----- Given data
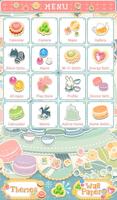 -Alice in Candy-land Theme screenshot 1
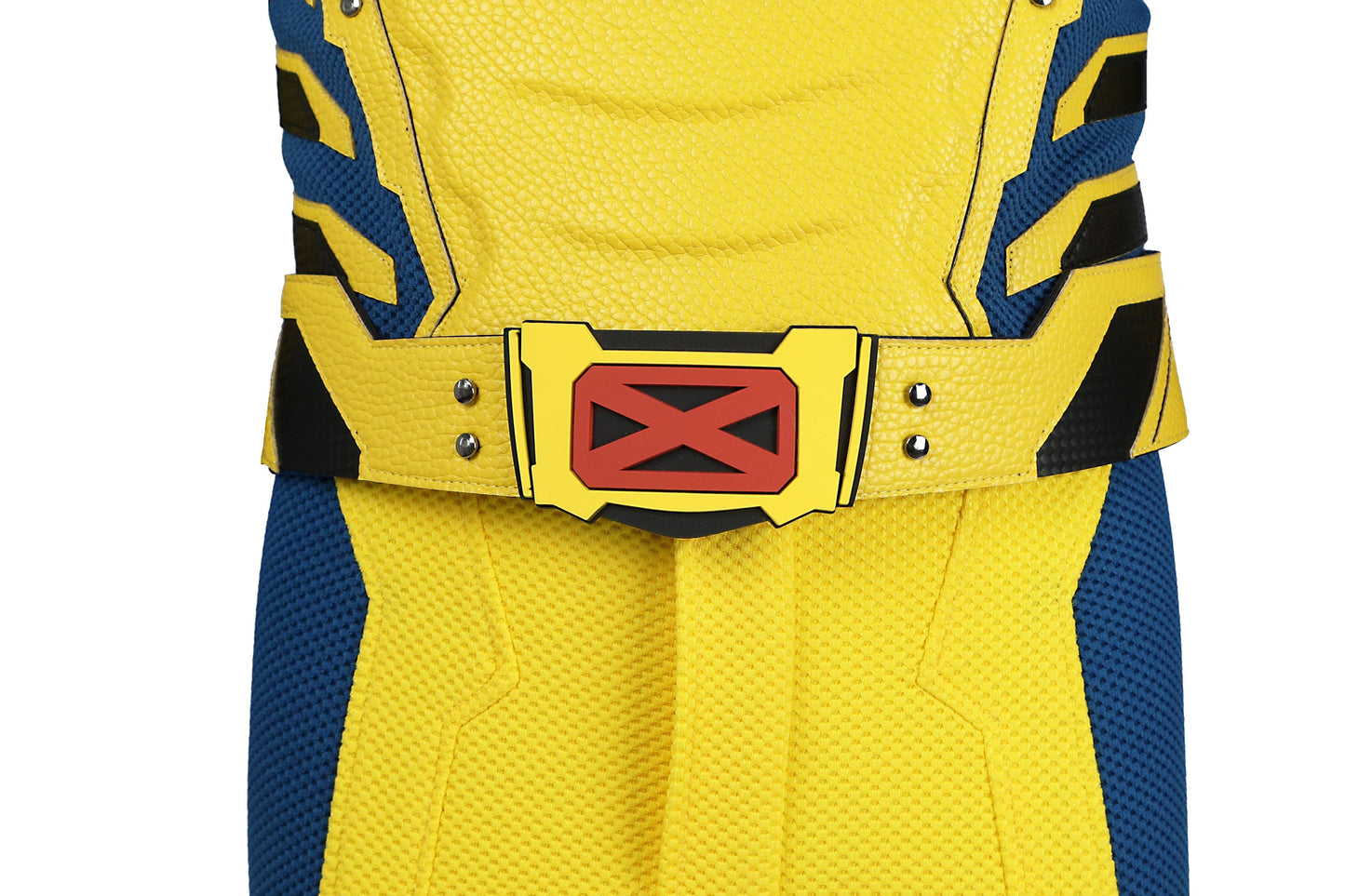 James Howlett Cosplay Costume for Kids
----------
----- Given data
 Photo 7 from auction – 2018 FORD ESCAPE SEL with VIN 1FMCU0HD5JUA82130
----------
----- Given data
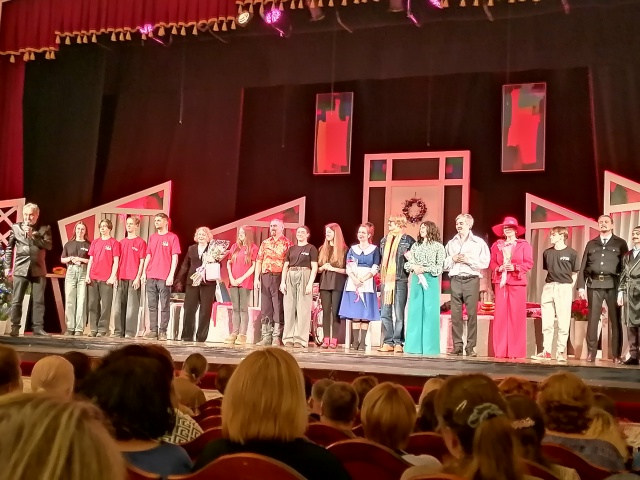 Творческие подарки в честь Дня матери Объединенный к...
----------
Task brief: Among the records above, locate the line containing "-Alice in Candy-land Theme screenshot 1" and the line containing "James Howlett Cosplay Costume for Kids", then transcribe exactly the lines starting at the first and ending at the second, with no pictures.

Answer below:
 -Alice in Candy-land Theme screenshot 1
 James Howlett Cosplay Costume for Kids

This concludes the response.